When I ask James if he ever experiences anxiety-free sex, he answers, "Only when I masturbate." This is important, since it confirms for me that he has no organic difficulty and that, genitally speaking, he can perform just fine. In solitary sex James can attend to himself without the pressure of another's demands. The women who populate his fantasy life are lascivious, sexually alluring, and in no way vulnerable. He need not fear that his selfishness might hurt them, and he can delight in his excitement guilt-free. This is a freedom he never reaches with his wife, and that realization leads us to the cause of his erotic block.
Note: Sexual content

Yet the couples who most successfully implement this model of placidity are rarely passionate lovers. When we confuse assertion with aggression, neutralize otherness, adjust our longings, and reason away our hostility, we assemble a calmness that is reassuring but not very exciting. Stephen Mitchell makes the point that the capacity to contain aggression is a precondition for the capacity to love. We must integrate our aggression rather than eradicate it. He explains, "The degradation of romance, the waning of desire, is due not to the contamination of love by aggression, but to the inability to sustain the necessary tension between them."

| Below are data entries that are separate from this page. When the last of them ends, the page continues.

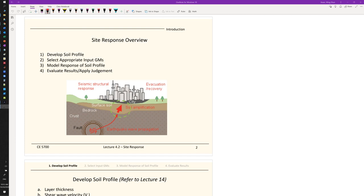Part of the semester project is to use the popular software package DeepSoil to perform site response analysis. The purpose of this lecture is to open the black box - to understand what really happens inside the software, which involves advanced mathematical processing, frequency domain concepts, and differential equations.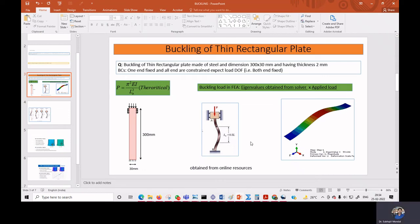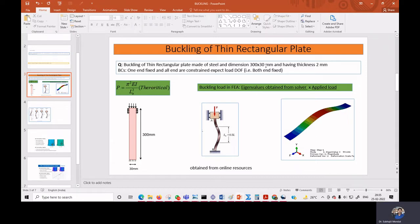Today we will perform buckling analysis in finite element software on a thin plate made of steel. The dimensions of the plate are 300 mm by 30 mm and the thickness is 2 mm. Regarding boundary conditions, one end is fixed and the other end has a roller type support.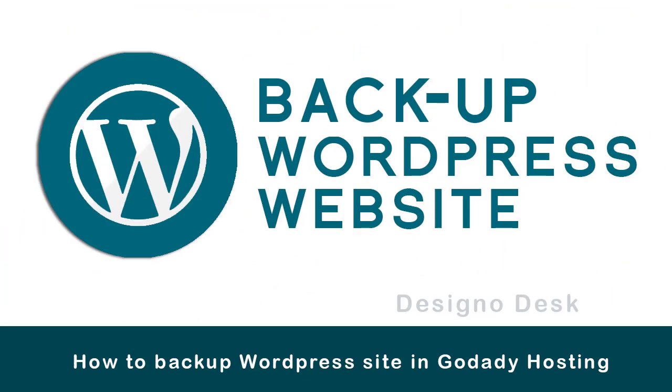Welcome to my video. You can learn how to backup a WordPress site in GoDaddy's web hosting account.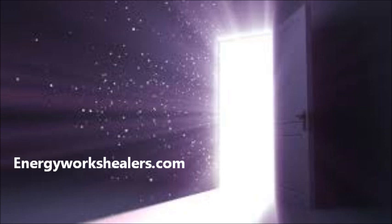This light that is pouring into you is the frequency of source. This is pure divinity. And it contains information, essence and blessings, whatever your soul requires at this time.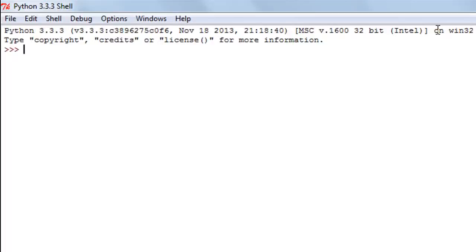Hello guys, welcome to my channel. This is the fifth tutorial in this course and in this tutorial we're going to talk about numeric variables and string variables in a little more detail.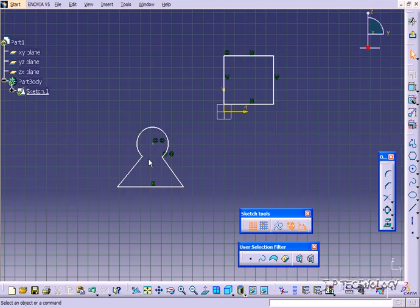So it's a great tool and it'll help you put sketches together quicker, easier, and get the results that you want. And this concludes our tutorial on how to use the Trim Extend Sketch feature within CATIA V5.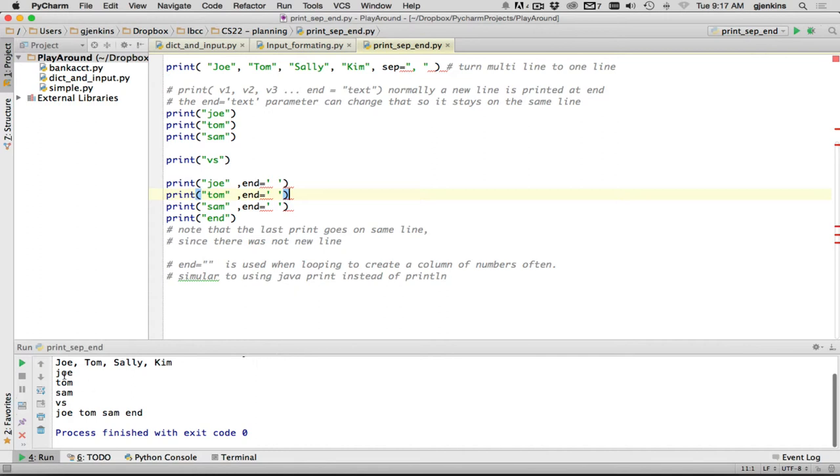And you can see it has the three lines and then the verse. And then it has Joe, Tom, Sam, and end all on the same line. And then it's gone to a new line. So that's it on the separation end.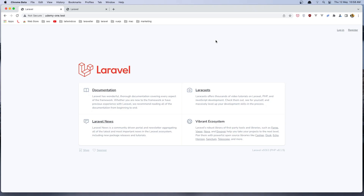Hello friends, welcome to my admin role and permission course with Laravel. This course is not for beginners, so you need to know Laravel and how it works. What you are going to learn here is how we can create the admin area and how we can create roles and permissions.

I suggest that our ability to tolerate our separateness-and the fundamental insecurity it engenders-is a precondition for maintaining interest and desire in a relationship. Instead of always striving for closeness, I argue that couples may be better off cultivating their separate selves. If cultivating separateness sounds harsh, let's think of it instead as nurturing a sense of selfhood.

In his book Arousal, the psychoanalyst Michael Bader offers another explanation for John and Beatrice's erotic impasse. In his view, intimacy comes with a growing concern for the well-being of the other person, which includes a fear of hurting her. But sexual excitement requires the capacity not to worry, and the pursuit of pleasure demands a degree of selfishness. Some people can't allow themselves this selfishness, because they're too absorbed with the well-being of the beloved. This emotional configuration is reminiscent of how John felt toward his mother-his awareness of her unhappiness overwhelmed him with worry and a sense of burden. The very caring he experiences makes it harder for him to focus on his own needs, to feel spontaneous, sexually alive, and carefree.